PROBLEM =
The copy you return must begin at the line containing "Engine CHEVROLET BLAZER" and end at the final line of the listing below, with every picture left out.

SOURCE MATERIAL =
Segment Open

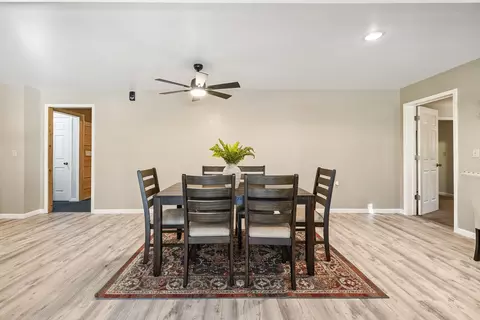 Dining - 401 Aden Ave, Haskell, AR 72015 photo 5 of 5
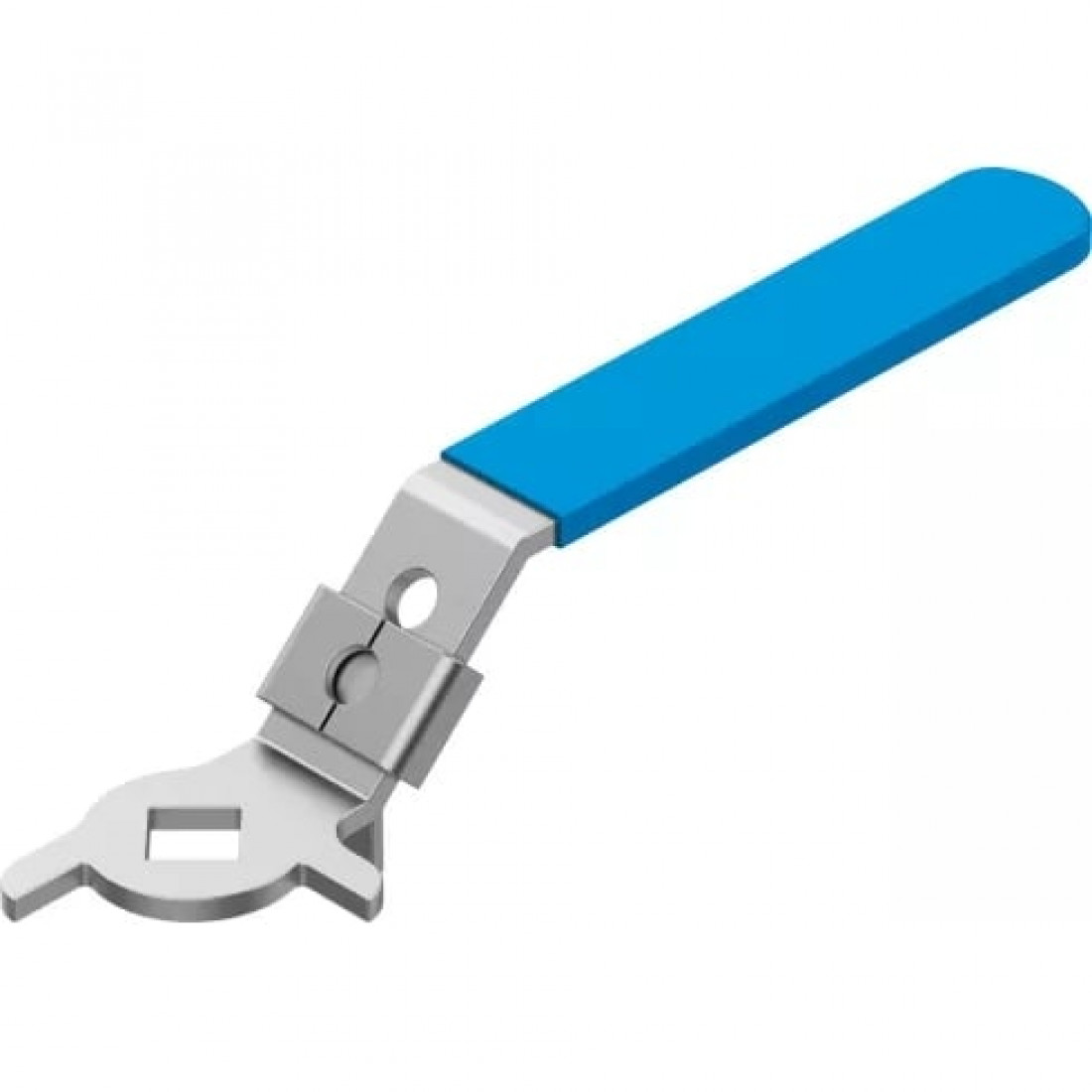 Ручной рычаг Festo VAOH-F8-9-H9-A
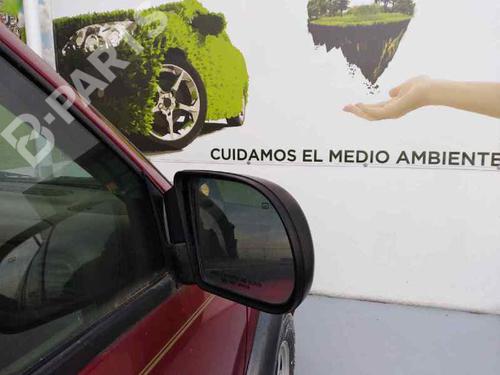 Engine CHEVROLET BLAZER S10 4.3 AWD | BP7449073M1 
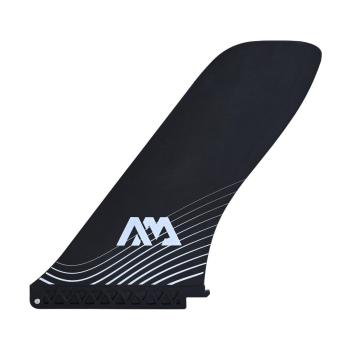https://progarden.hu/media_ws/10024/2037/idx/aqua-marina-bekattanos-verseny-szkeg-am-logoval-fekete-.jpg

Segment Closed

YOUR SOLUTION =
 Engine CHEVROLET BLAZER S10 4.3 AWD | BP7449073M1 
https://progarden.hu/media_ws/10024/2037/idx/aqua-marina-bekattanos-verseny-szkeg-am-logoval-fekete-.jpg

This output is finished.